4mym&j there must be a way as the mom you can see the report you are also next of kin. It does sound bit dodgy and i understand your real concerns the truth the whole truth is important it does help answer some questions and put the puzzle together. do you have a lawyer that can compel your sons father to turn over the report? 

stephanie PTSD is very likely it was an extremely tragic highly affecting accident which would have left you definitely traumatised. EMDR is an effective therapy for that perhaps your therapist will offer it to you? Your experience was horrific. Put grief on top of that and you are likely to be depressed but not crazy. You are not crazy at all just a mom who has been through an appalling tragedy. i had a severe mental breakdown after losing my son and i was not even there. All of us are affected differently we each have only a pre determined amount of coping skills dependent on how our lives have beenm and different things break us and it is ok we are only human. i suggested your name change to help you with your negative view of yourself but if you are not ready it is ok.

donnamaria after the loss of a child we all shatter into a million pieces because everything has changed so quickly it is not only your faith that goes it is your mind your peace your world. Just one day at a time small steps remember you are not alone.

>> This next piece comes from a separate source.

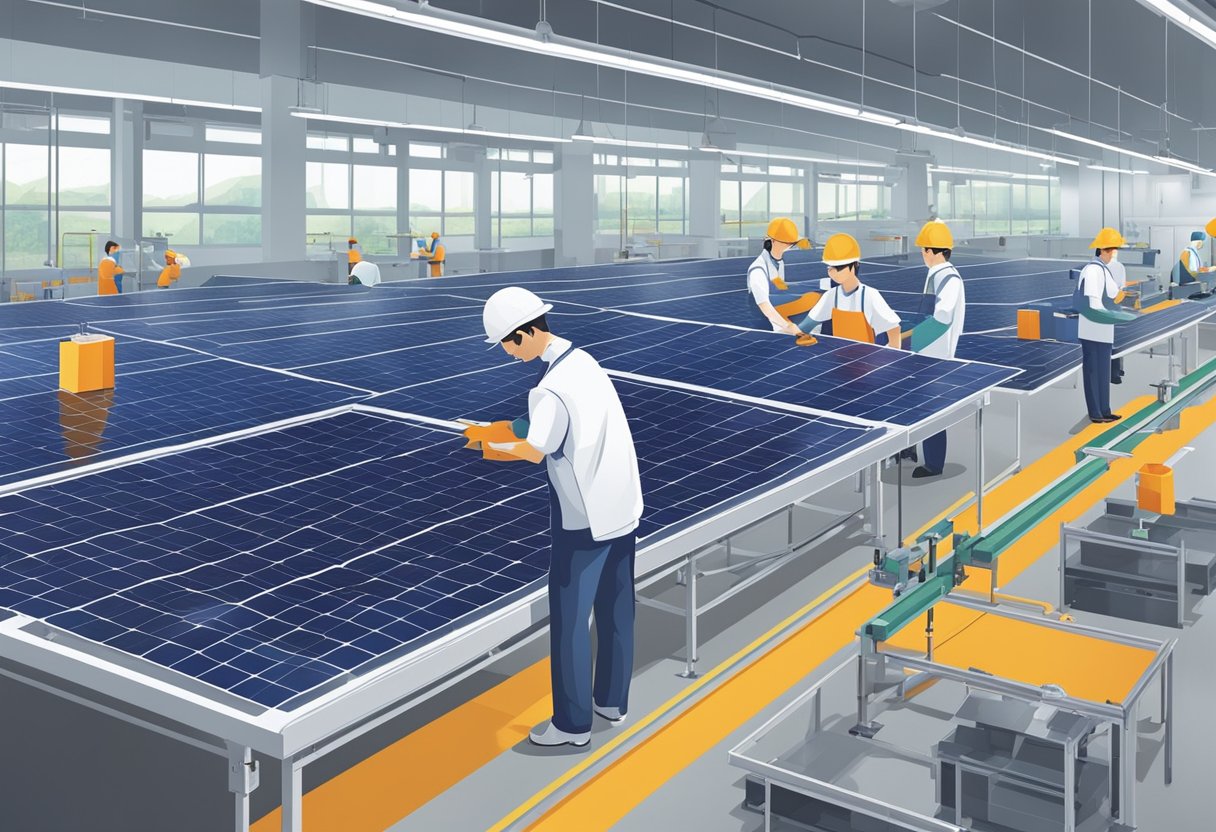 A solar panel factory in China, with workers assembling and testing solar cells on a production line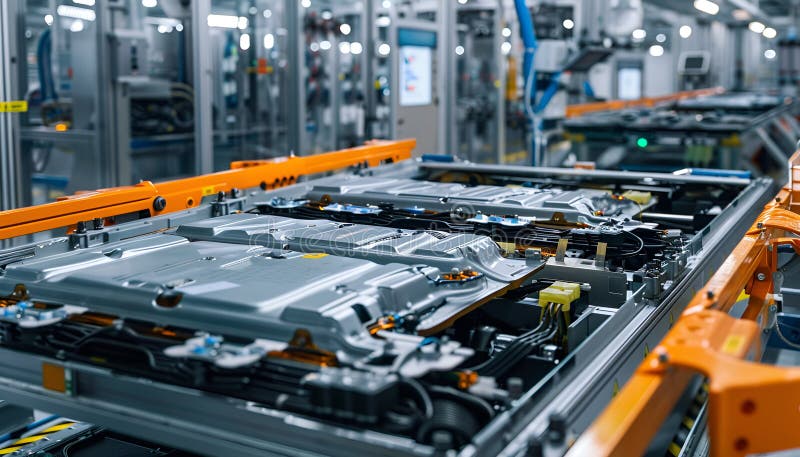 Electric vehicle battery cells are assembled on mass production line vector illustration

so a strange thing happened today to me. I went to make a cup of coffee and there was a penny on the counter which was definitely not there before as I had cleaned the kitchen before bedtime. I was astonished after all our discussions on that topic. I guess our kids all meet up and talk too! It was a happy moment.

peggy no one person needs help and care more than anyone else we are all equal so post whenever you want ok? I lost my boy almost 3 years ago and I still need support from everyone here. Our stories of loss and learning to cope, falling down and getting up are equally valued and you are as much part of our community as anyone else.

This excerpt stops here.